危険な上司

危険な上司

私は「ざんねんな」上司に仕えたことはありますが(「ざんねんな上司」並びに「ヒトを残すは上なり」参照)、「危険な」上司の下に配属されたことはありません。ラッキーだったと思います。

しかし、私の身近なところで「危険な」上司によって、サラリーマン生命を脅かされている人を何人か見たことはありました。

一番気の毒だったのは、自分がまだ20代のペーペーだった頃 おとなりの部のA部長に干されていた課長のB氏です。

座席が近いこともあって、その凄惨極まるパワハラ(当時はパワハラという言葉はありませんでしたけれど)の様子がいやでも毎日伝わってきました。

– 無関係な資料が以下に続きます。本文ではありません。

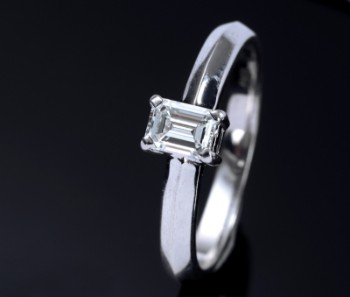 Moderne diamant solitairering af 18 kt. hvidguld med smaragdsleben diamant på 0.41 ct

陰湿ないじめが1年くらい続いたでしょうか、ついにB氏はハンコまで取り上げられる始末。あいつ(B氏)の権限はオレ様が取り上げたと言わんばかり。

さすがにこの状況を上層部は看過できなかったようで、結局A部長は別の部署へ異動に。

さて、あれから数年がたったある日、私は「あの時A氏を異動させたのは俺だ」という執行役員のC氏から、この件で直接お話を伺う機会を得ました。

「あのパワハラはいくら何でも酷すぎる、会社としてあれを放置してはいかん」と。さすが!役員まで登り詰める人物はちがいます。でも、同時に少し怖いと思ったことが…。

実はかつてC氏のパワハラが原因で一人の若手社員が退職したことがありました。その後任には私が異動しました。

当時、私が異動の内示を受けたとき、C氏のパワハラのことは何も聞かされていませんでした。なぜなら、その若手社員の退職並びに私の異動と同時にC氏も他部署へ異動になったから。

つまり、私はC氏の部下になるのをまぬがれていたのです。そして幸か不幸か、C氏の後任には「危険な」ではなく「ざんねんな」上司が着任…。ラッキーだったと思います。